Dataset records:
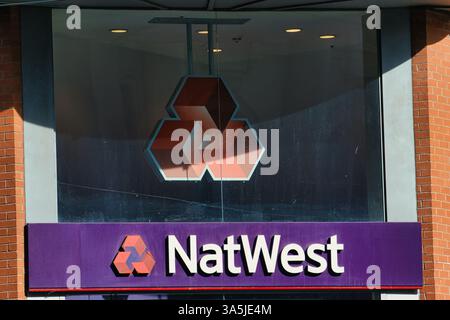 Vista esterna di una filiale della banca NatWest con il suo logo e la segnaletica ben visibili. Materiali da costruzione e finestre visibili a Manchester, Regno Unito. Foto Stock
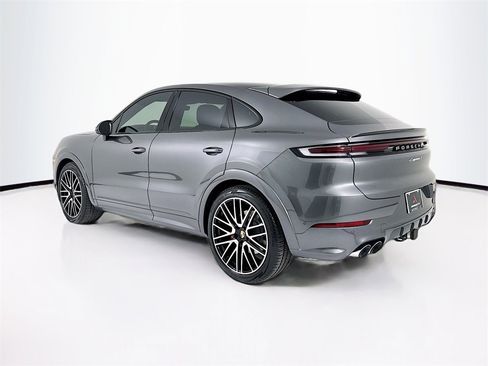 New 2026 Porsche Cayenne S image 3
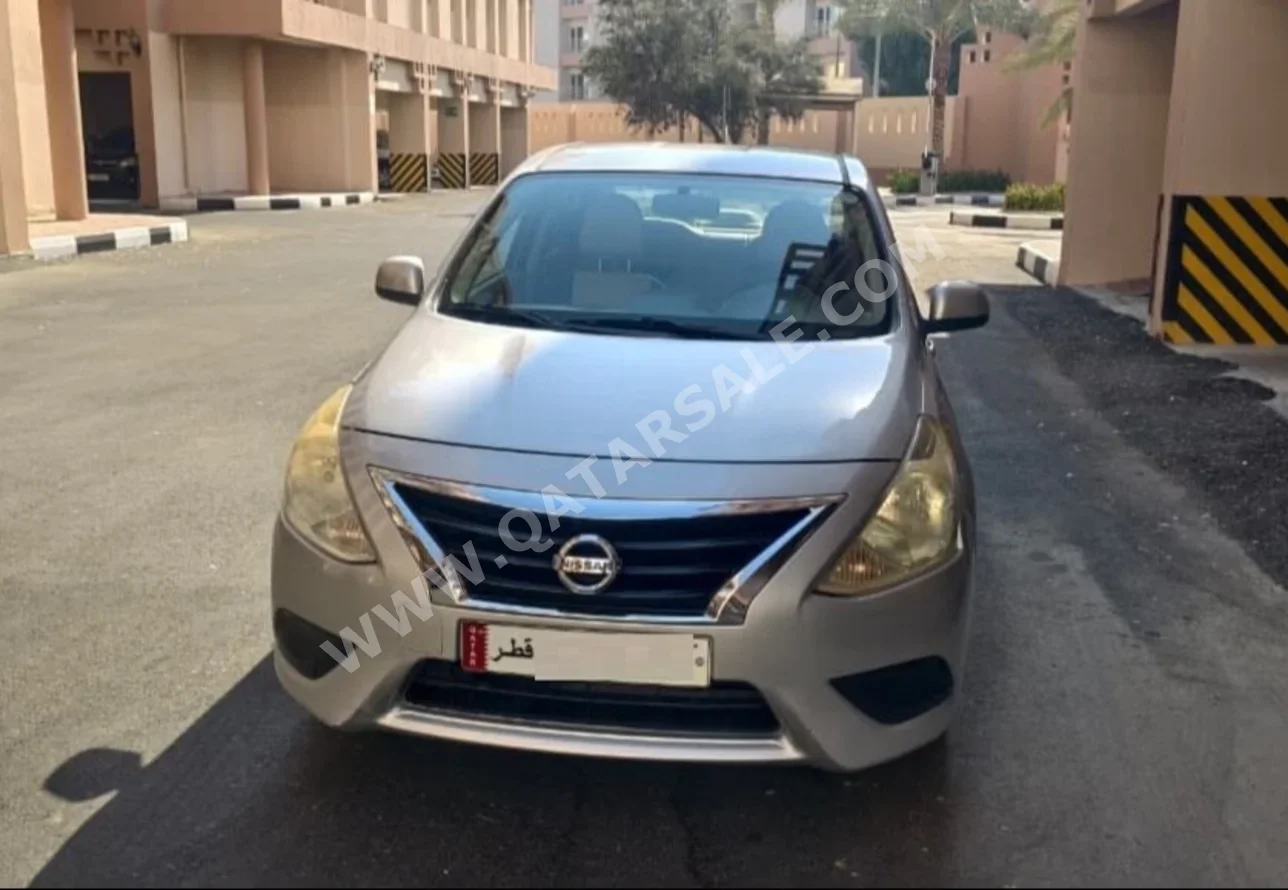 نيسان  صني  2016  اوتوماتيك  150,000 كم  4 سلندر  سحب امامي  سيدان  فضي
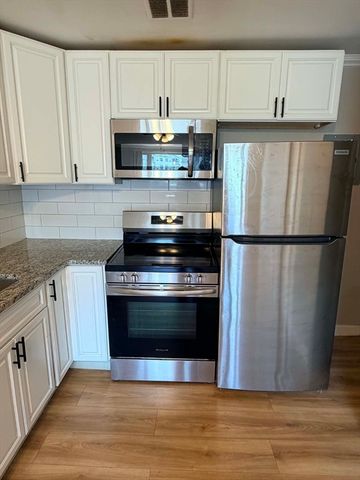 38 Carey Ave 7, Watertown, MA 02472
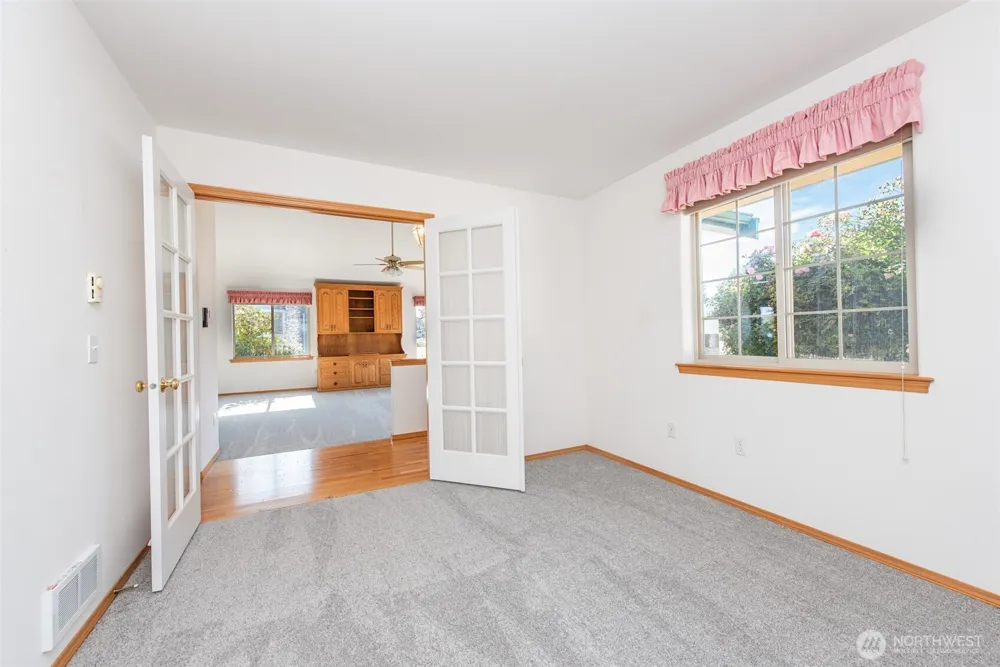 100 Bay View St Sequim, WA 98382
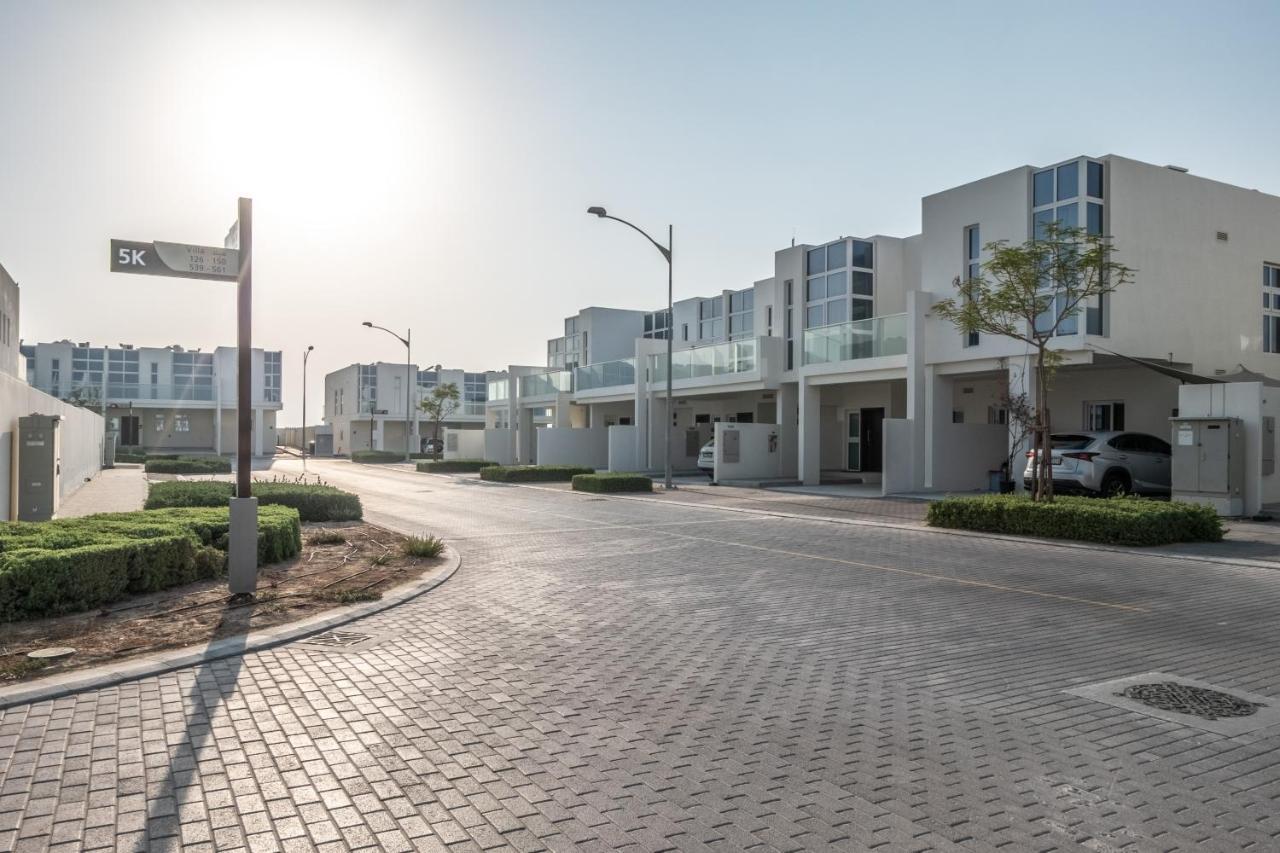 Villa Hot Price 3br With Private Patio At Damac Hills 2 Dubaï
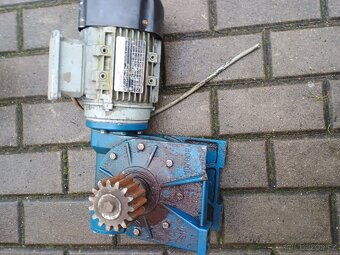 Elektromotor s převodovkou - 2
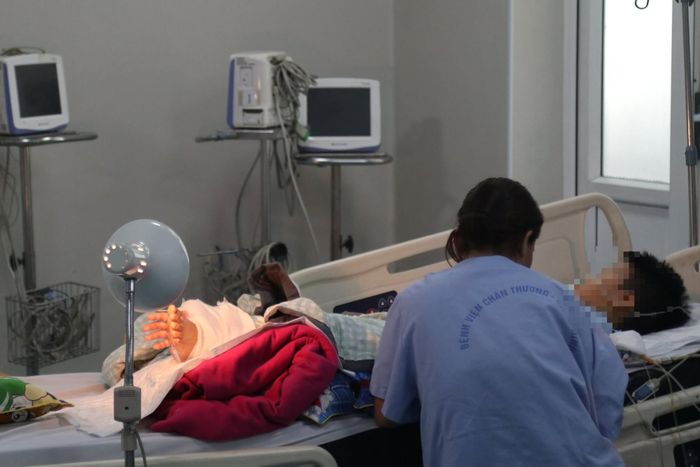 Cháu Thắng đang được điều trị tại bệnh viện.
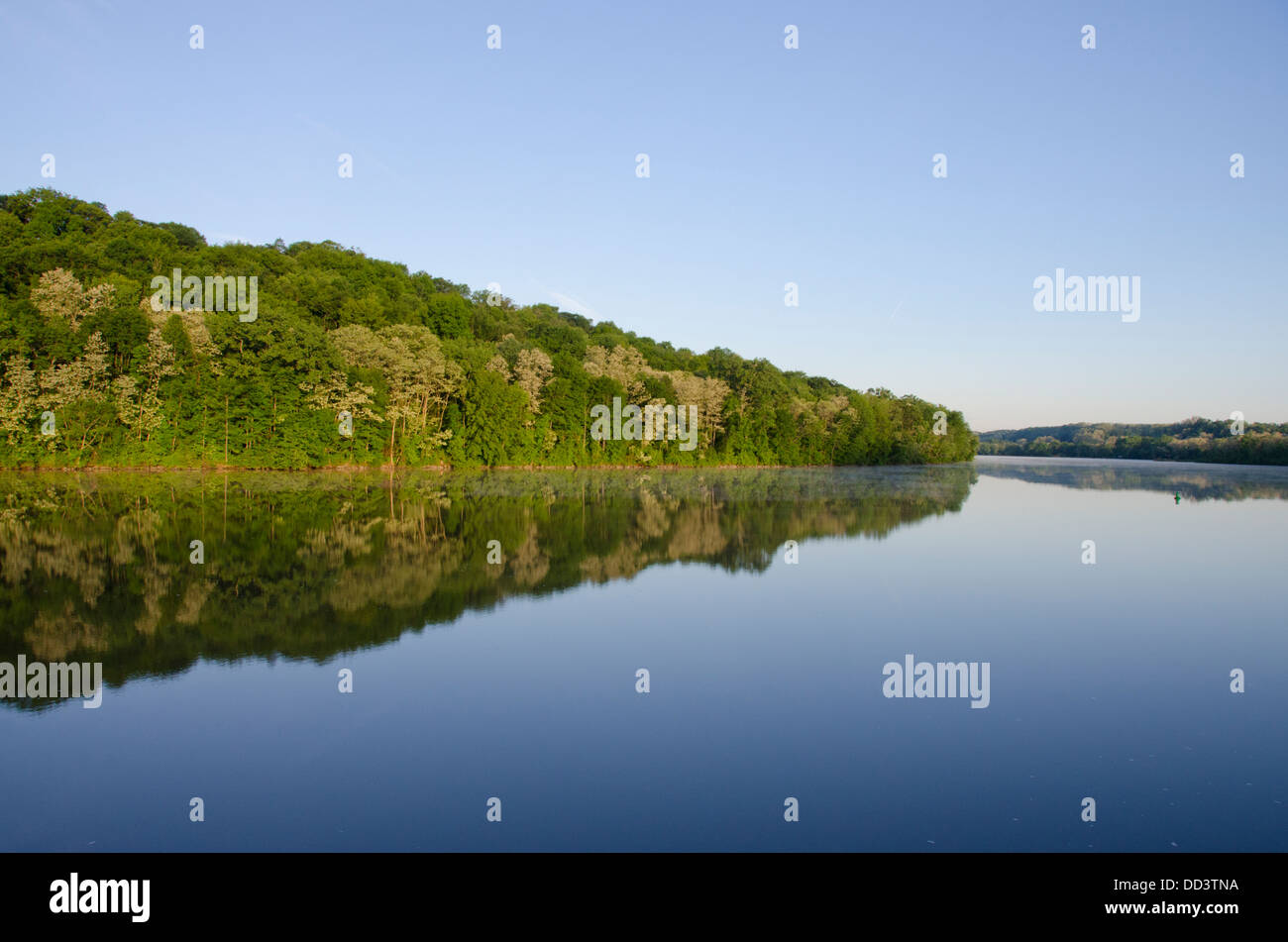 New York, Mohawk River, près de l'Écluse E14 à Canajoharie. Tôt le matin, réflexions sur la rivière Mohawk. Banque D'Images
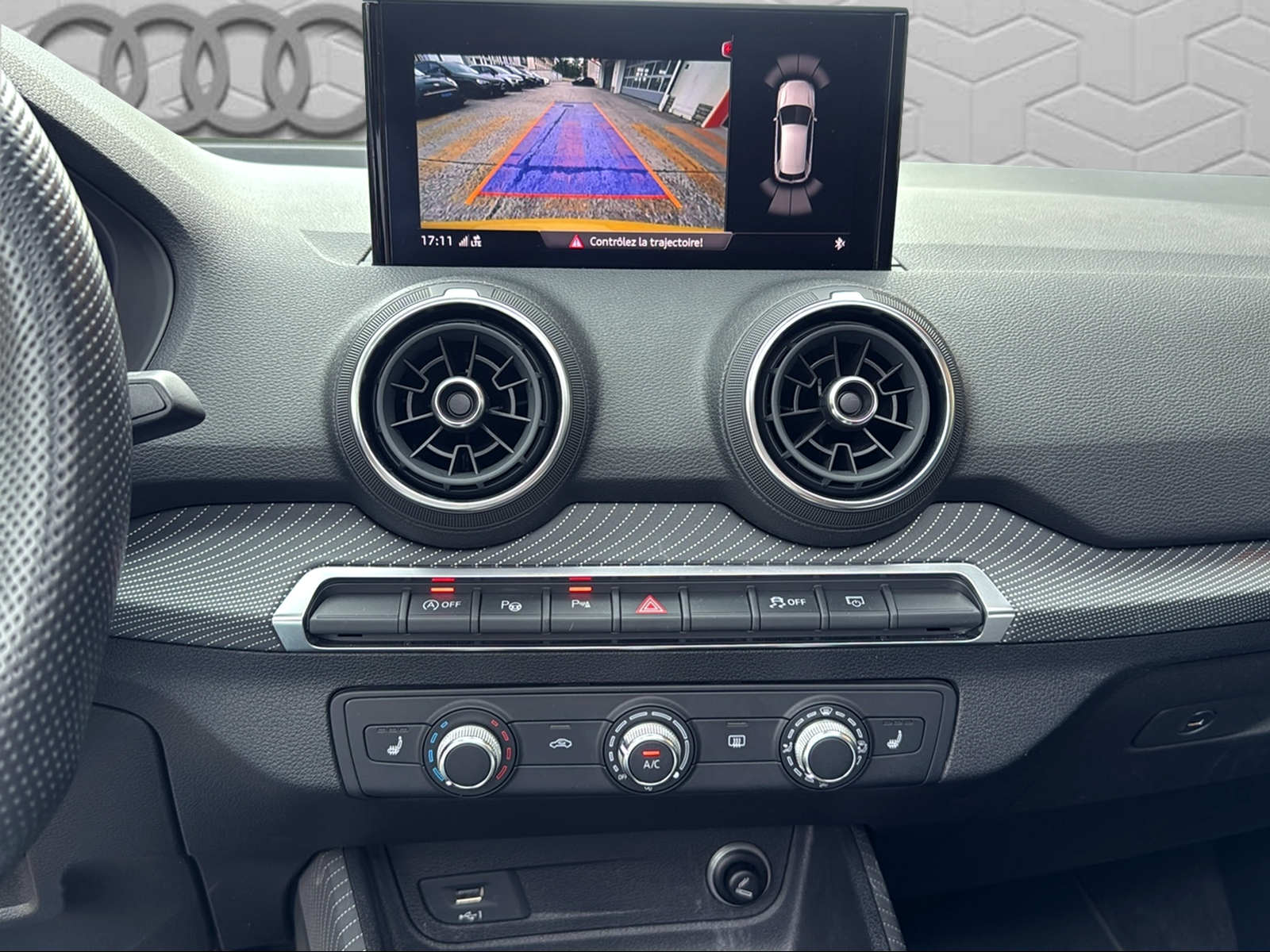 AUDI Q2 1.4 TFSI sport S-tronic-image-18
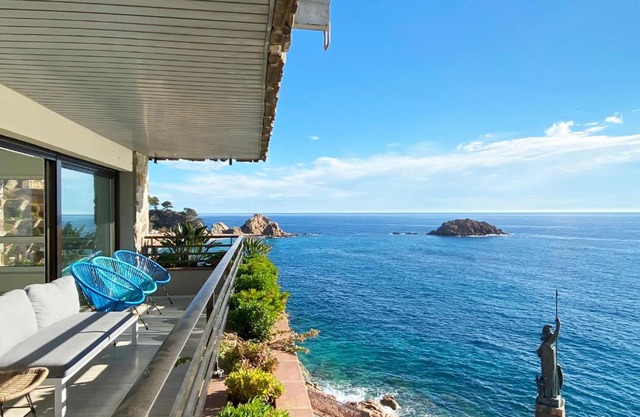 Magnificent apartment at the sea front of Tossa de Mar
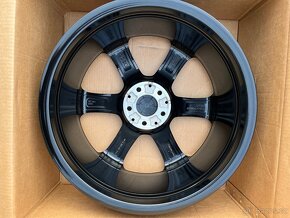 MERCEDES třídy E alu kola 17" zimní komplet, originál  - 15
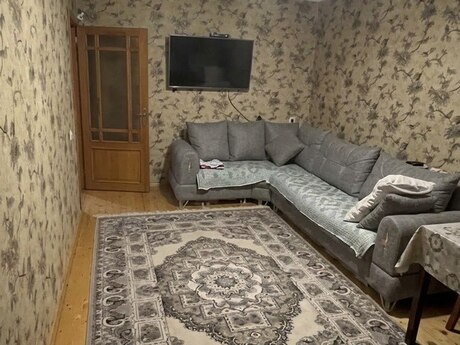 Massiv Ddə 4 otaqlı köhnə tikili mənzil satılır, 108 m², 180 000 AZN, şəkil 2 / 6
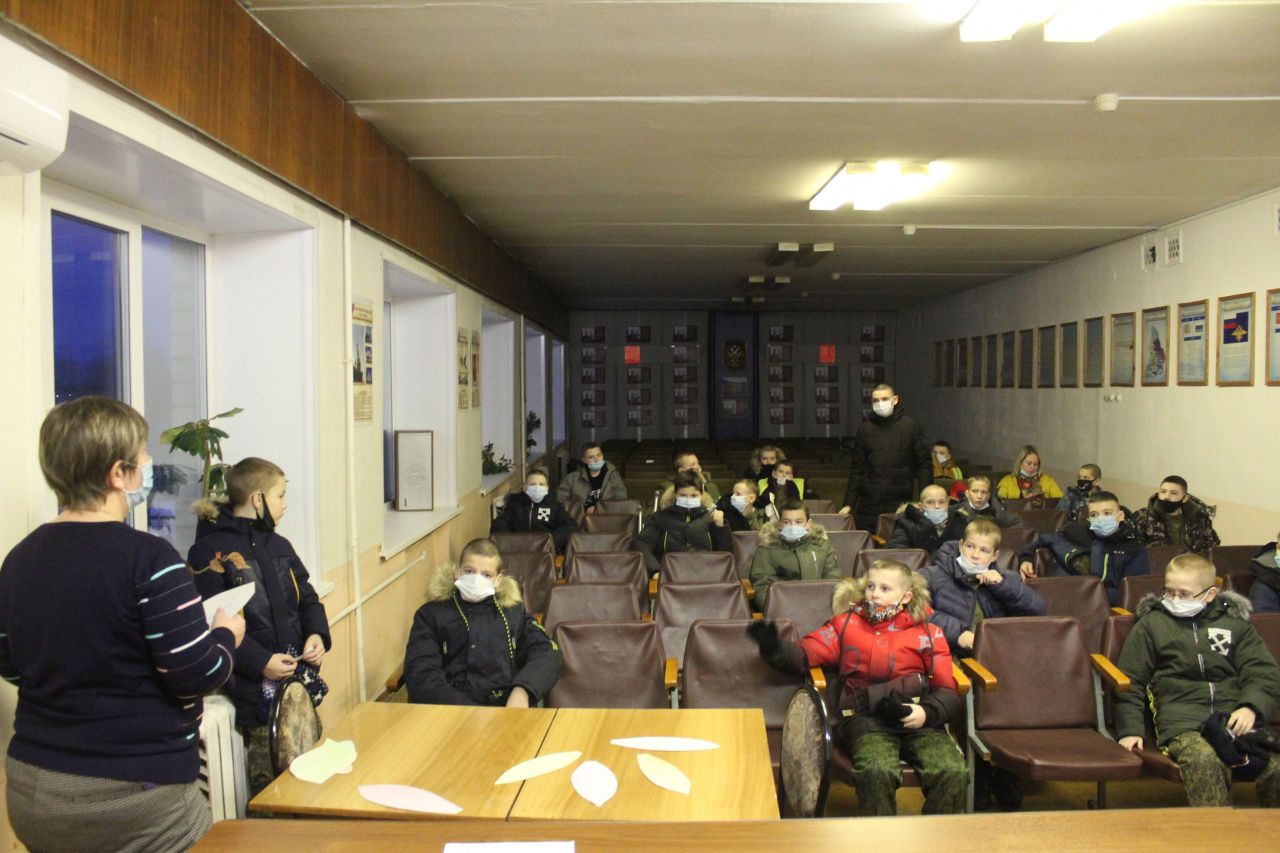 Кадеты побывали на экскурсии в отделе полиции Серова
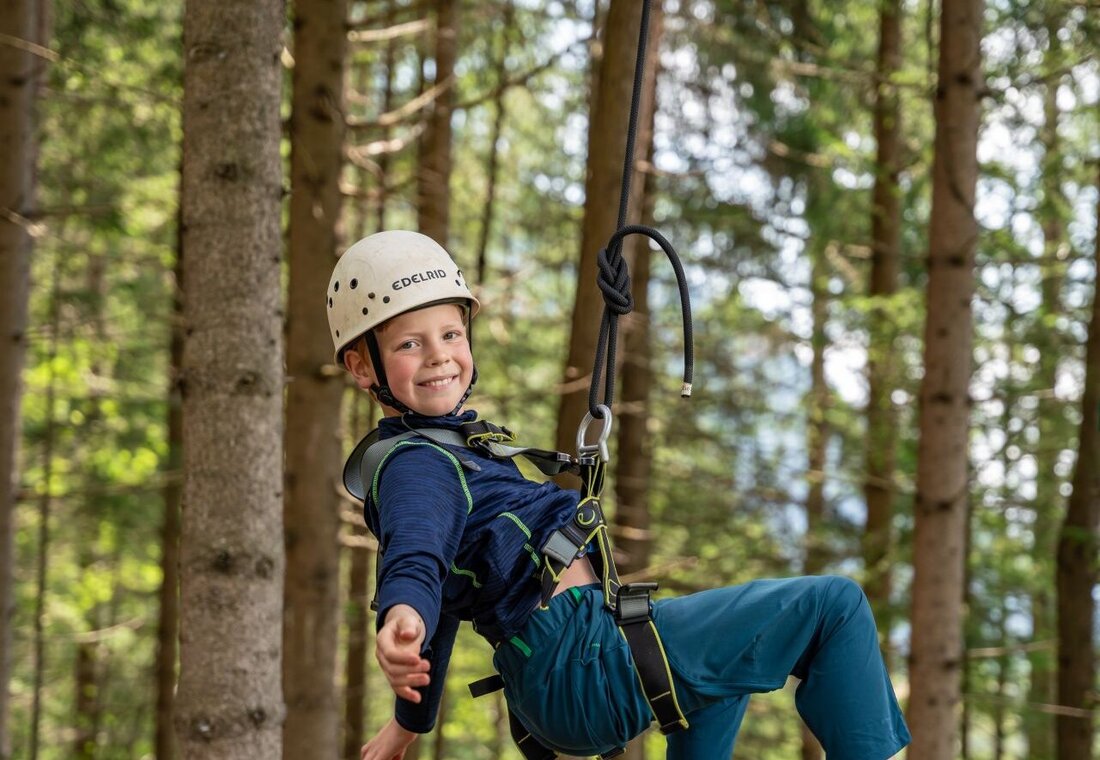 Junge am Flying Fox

Task instructions: Only the lines from the line containing "38 Carey Ave 7, Watertown, MA 02472" through the end of the material should be retyped, exactly and in full, with no pictures.

Reply to the task:
 38 Carey Ave 7, Watertown, MA 02472
 100 Bay View St Sequim, WA 98382
 Villa Hot Price 3br With Private Patio At Damac Hills 2 Dubaï
 Elektromotor s převodovkou - 2
 Cháu Thắng đang được điều trị tại bệnh viện.
 New York, Mohawk River, près de l'Écluse E14 à Canajoharie. Tôt le matin, réflexions sur la rivière Mohawk. Banque D'Images
 AUDI Q2 1.4 TFSI sport S-tronic-image-18
 Magnificent apartment at the sea front of Tossa de Mar
 MERCEDES třídy E alu kola 17" zimní komplet, originál  - 15
 Massiv Ddə 4 otaqlı köhnə tikili mənzil satılır, 108 m², 180 000 AZN, şəkil 2 / 6
 Кадеты побывали на экскурсии в отделе полиции Серова
 Junge am Flying Fox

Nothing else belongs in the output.